On the other hand, my honors class let me completely nerd out over literature. For instance, we read “The Crossing” in two weeks. Have you ever tried reading an insane amount of Cormac McCarthy in such a sort time? It’s a beautiful state of insanity, and I gave up fighting it after the first week. Regrettably, I’ve been corrupted into a McCarthy lover. The best thing was probably being introduced to Barry Lopez, though. Our class had extensively studied one of his books, so meeting such a well known traveling writer was the highlight of the semester. In fact, I learned so much from the meeting that I wrote a post about it: Learning From Lopez.
Meanwhile, Spanish class was definitely the highlight of my day…Mi clase de español es mi favorita, porque yo quiero estudiar lenguas extrenjeras. Yo deseo viajar mucho, así hablar en español es muy importante… Anyhow, a small university means small class size (my honors class had 8 students). Toss that in with the best professor ever, and you’re in store for a semester of memories. Our class learned quickly, so we finished our course a week ahead of schedule. That led to several interesting class periods of us insulting each other in our newly obtained language. There was never a dull moment.
Now I’m sitting in my old bedroom, reunited with my desk and favorite tea cup. When I left for college, I thought I would miss this– my own space, sweet silence. Except it’s strange being home, because university life exceeded my expectations in ways I never expected…
(Thought, we could say that the food lived up to my expectations. By the second week I stopped questioning what was on my plate. The freshman fifteen became a myth. Honestly, I’d probably starve before gaining weight. Plus small campus means you walk everywhere. It also means you can sleep until fifteen minutes before your first class and still show up ten minutes before the professor. Except that only happens when you accept wearing sweatpants and hoodies to class. I didn’t learn any of that until after midterms. It’s a shame.)

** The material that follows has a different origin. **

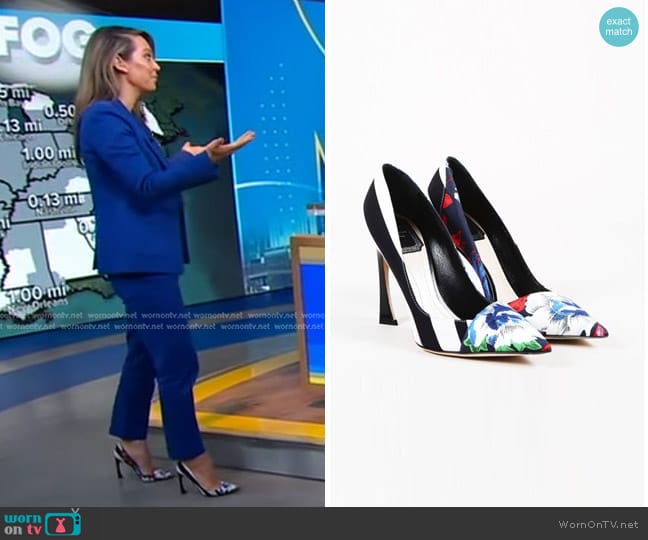 Christian Dior Songe Point Toe Pumps worn by Ginger Zee on Good Morning America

…The towering books didn’t exactly gleam in the dazzling spotlight of wisdom, my favorite educators turned out to be the witty, laidback professors who held high standards, and I probably spent more time at the local Brew with a hand of cards than philosophical debates. Yet, what I had was better than a strict, black-and-white education. I had found a new home—a place where the professors and classmates are my family and learning is a joy, whether it be academic or lessons of life.